Il est peu probable que les affaires pénales de Trump se poursuivent.
La victoire de Trump « garantit pratiquement qu’il ne sera jamais confronté à de sérieuses responsabilités juridiques » dans aucune des quatre affaires pénales distinctes pour lesquelles il a été inculpé, rapporte Politico.
Vendredi matin, le procureur spécial Jack Smith a demandé une pause dans les deux affaires fédérales contre Trump concernant sa prétendue conservation de documents classifiés et son rôle dans l’insurrection du 6 janvier 2021. C’est une politique de longue date du ministère de la Justice selon laquelle un président en exercice ne peut pas être poursuivi, et les affaires ne peuvent pas être conclues avant l’entrée en fonction de Trump. Trump a déclaré qu’il licencierait Smith immédiatement après son entrée en fonction, mais Smith devrait démissionner avant le jour de l’investiture. Smith pourrait choisir de publier ses conclusions avant son départ, et il reste à voir si Trump tentera d’imposer des conséquences juridiques à Smith pour avoir dirigé les poursuites. Trump a déjà déclaré que Smith devrait « aller en prison » et « être expulsé du pays ».
À New York, où Trump a été reconnu coupable de plusieurs chefs d’accusation de falsification de dossiers commerciaux plus tôt cette année, les experts prédisent que le juge Juan Merchan ne condamnera probablement pas Trump le 26 novembre, comme prévu actuellement. Même s’il est condamné, celle-ci sera suspendue jusqu’à ce qu’il quitte ses fonctions, et il reste possible que les tribunaux annulent sa condamnation au motif de l’immunité présidentielle.
Un résultat similaire est également probable en Géorgie, où Trump et un certain nombre de ses alliés font face à des accusations liées à des tentatives présumées visant à annuler les résultats des élections de 2020 dans l’État. L’affaire, longtemps bloquée, devrait être reportée jusqu’à ce qu’il quitte ses fonctions ou rejetée pour les mêmes motifs.

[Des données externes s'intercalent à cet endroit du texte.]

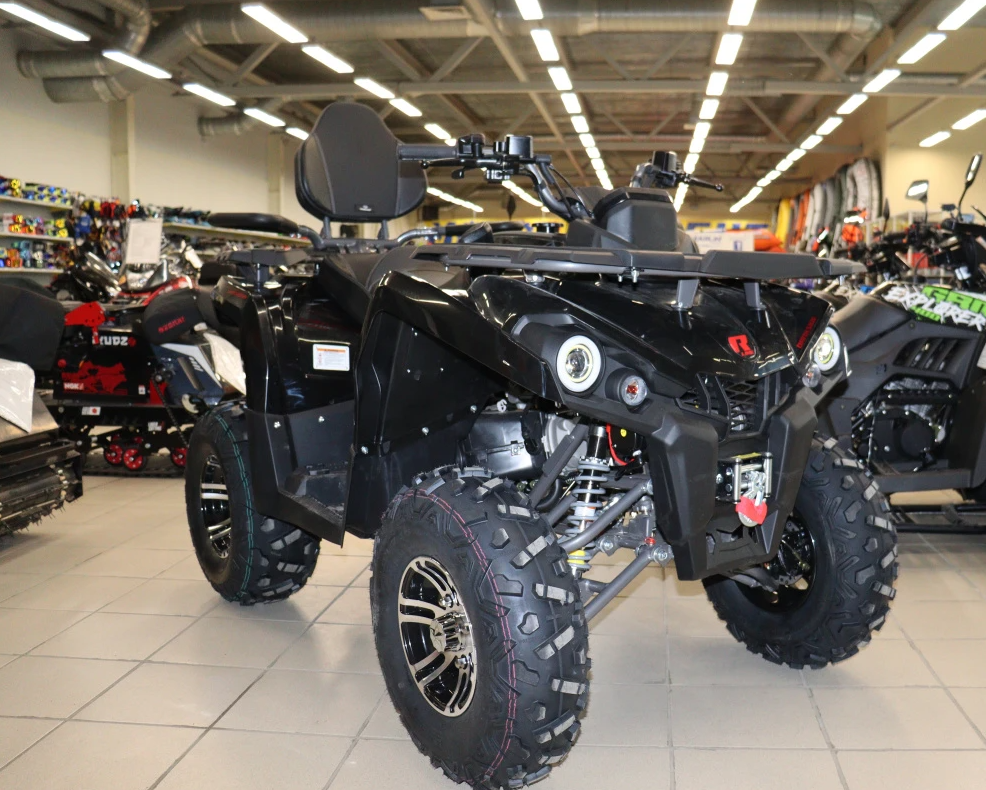 Квадроцикл PROMAX RENEGADE 300 LONG WINCH PRO (2025) в Перми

Cependant, les experts affirment que plusieurs poursuites civiles en cours contre Trump pourraient théoriquement se poursuivre pendant qu’il est au pouvoir, soulignant une décision de la Cour suprême de 1997 qui a autorisé une action civile contre le président de l’époque, Bill Clinton.
Les personnes reconnues coupables de crimes liés à l’insurrection du 6 janvier s’attendent également à ce que leurs problèmes juridiques disparaissent sous Trump et « font la queue » pour obtenir une grâce présidentielle. Cette semaine, dans un cas où un accusé a demandé que sa condamnation soit retardée à la suite de l’annonce de l’élection de Trump, la demande a été rapidement rejetée par le juge.
Les réactions négatives contre la réforme de la justice pénale étaient évidentes, mais elles n’étaient pas exhaustives non plus.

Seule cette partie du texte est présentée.